Along Route 20, right as you pass the sign for Udina (you-DINE-ah), an unincorporated community right past Elgin, you arrive at an intersection which raised my eyebrows.
As I made the left onto Plank and drove around the bend(er), and continued past the next street on the left, Russell Road, I wondered if this could have been the work of some passionate fan of the early 1900s Philadelphia Mackmen, tasked with naming streets in northern Illinois.
Plank was a lefty! Coombs was a righty! OK, it doesn’t work quite the same when approaching from the other direction, but play along with me here. There was even a Lefty Russell who made 13 appearances for the White Elephants in 1910-12.
Could it be? For a few years, I’ve wondered but never took the time to find the answers. Until yesterday, when I visited the Elgin Historical Museum.
David & Rebecca at the Museum knew exactly where I needed to look. I cracked open The Story of Udina by John Russell Ghrist (1995) and there were numerous chapters devoted to roads.
“DeKalb historian Phyllis Kelley states that there was a William Plank family from New York. They lived in Sycamore Township, and the entire road from Route 23 to Udina was called Plank Road after the family…”
That was half of it, but what about Coombs? Luckily later in the same paragraph…
“Coombs Road is named after another farmer who lived on the northeast corner of what is now Coombs Road and Brindlewood Lane.”
So much for that. No need to continue searching for Bender Lane or Morgan Drive. Maybe I should have watched for ducks Waddelling across the street.

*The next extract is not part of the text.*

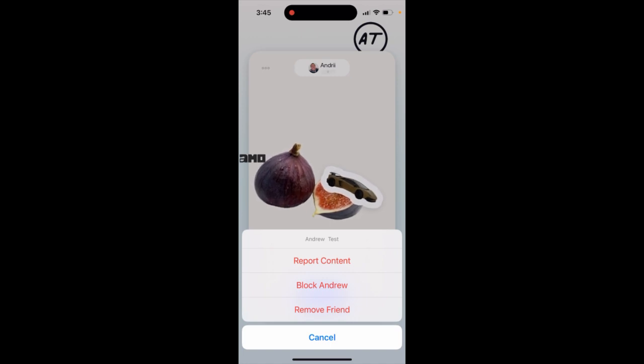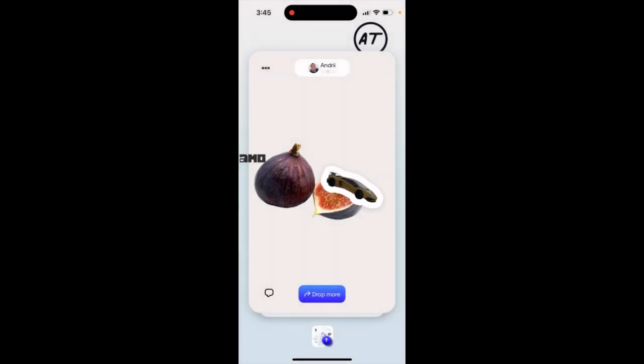It just depends on what you want to do — tap 'Remove Friend' or tap 'Block Friend' to remove them. So yeah, that's what it is.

But I did not leave disappointed. I started talking baseball with David, who works in the research library at the Museum. He asked if I’d ever been to the Century Oaks West neighborhood of Elgin. I had not, and he handed me a newspaper clipping from the Elgin Courier News from November 6, 1990, which covered the origin of a few familiar-sounding street names throughout Elgin.
In 1972, realtor Jerry Hoover got a call from the Elgin city official in charge of reviewing street names and was told he needed to come up with street names prior to the plan commission meeting later that night.
It was around 3:30 or 4 o’clock in the afternoon, as he was listening to a Cubs game on the radio. And the rest is history.
Of course I had to go check it out for myself, and sure enough there it was.
Cool story. Only thing is, the timeline doesn’t match for these streets to all have been named in 1972.
Sheffield is a street which borders Wrigley Field. Fine. But the players/manager involved:
Years with Cubs:
- Ernie Banks: 1953-71
- Milt Pappas: 1970-73
- Whitey Lockman (manager): 1972-74 (named Cubs Manager midseason ’72 after Durocher stepped down)
- Rick Monday: 1972-76
- Bill Madlock: 1974-76 (Made MLB debut with Rangers in 1973)
- Bobby Murcer: 1977-79 (with Yankees in 1972)
- Dave Kingman: 1978-80 (Played for Giants in 1972)
Either Hoover misremembered the year in question or perhaps after a few initial streets were named in 1972 (Banks reasonably could have been added in 1972 because he’s Mr. Cub after all), others were added in subsequent years. Regardless, it was neat to see a group of baseball-inspired street names instead of names of trees or states or presidents.